TASHIMA, Circuit Judge.

Appellant Sadiq Calloway (“Calloway”) was convicted of possession of a detectable amount of heroin with intent to distribute, pursuant to 21 U.S.C. §§ 841(a)(1) & (b)(1)(C) (Count 1); using and carrying a firearm during and in relation to a drug trafficking crime, and possessing that gun in furtherance of the crime, pursuant to 18 U.S.C. § 924(c)(1)(A) (Count 2); and possessing a firearm and ammunition after having been convicted of a felony, pursuant to 18 U.S.C. § 922(g)(1) (Count 3). The conviction was based on a firearm and *133 drugs found on Calloway’s person during a May 22, 2008 traffic stop (the “May 22 stop”).

Calloway filed a pre-trial motion to suppress the evidence obtained during the May 22 traffic stop, which the District Court denied. After trial, Calloway moved for a new trial pursuant to Federal Rule of Criminal Procedure 38, contending that he was incompetent to stand trial and that he received ineffective assistance of counsel. He did not file a renewed suppression motion or otherwise raise the suppression issue after trial. The District Court denied the Rule 38 motion.

Calloway now appeals, asserting three arguments: (1) that this Court should order a new trial because he received ineffective assistance of counsel; (2) that his conviction on Count 2 must be vacated because the jury instructions on that count were flawed; and (3) that the District Court erred in denying his suppression motion. For the reasons set forth below, we will affirm the conviction and the orders of the District Court.

I.

Because we write principally for the parties, who are familiar with the factual context and legal history of this case, we will set forth only those facts that are necessary to our analysis.

On May 22, 2008, four Newark, New Jersey, police officers patrolling in a high crime area of Newark heard a loud noise emanating from an approaching Cadillac and observed the Cadillac moving at a high rate of speed in an oncoming traffic lane while passing another vehicle.

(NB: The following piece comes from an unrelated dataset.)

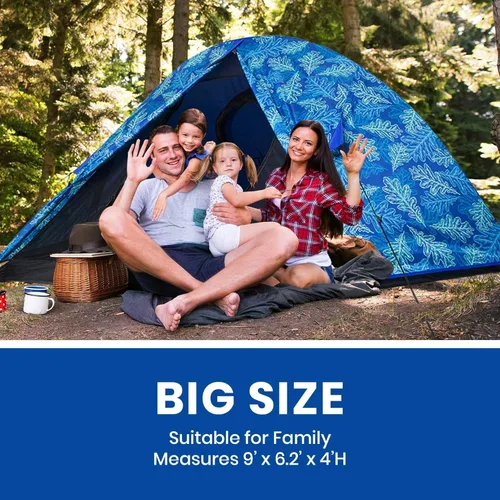 Miniatura 2 de Alvantor® Beach Tent Beach Umbrella Outdoor Sun Shelter Cabana Automatic Instant Pop-Up UPF 50+ Portable Beach Shade Camping Fishing Hiking Canopy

Based on the traffic infraction and the noise emanating from the vehicle, the officers followed the Cadillac in two unmarked cars. After several blocks, before the officers activated the siren and lights on the lead car, the Cadillac pulled over and the driver exited. The officers, who were dressed in plainclothes and wore their badges around their necks, approached the vehicle. Officer Horacio Lorenzo (“Lorenzo”) approached the driver, who was by then approximately ten steps away from the car, while the other three officers approached the vehicle, in which Calloway and two other passengers were seated. Lieutenant Eric In-gold (“Ingold”) ordered the passengers to show their hands. According to Ingold, two passengers obeyed, but Calloway did not. Ingold then ordered the passengers to place their hands on the ceiling of the car. According to Ingold, again, the two passengers complied, but Calloway did not. At that time, Ingold could not see Callo-way’s hands, which appeared to be around his waist area.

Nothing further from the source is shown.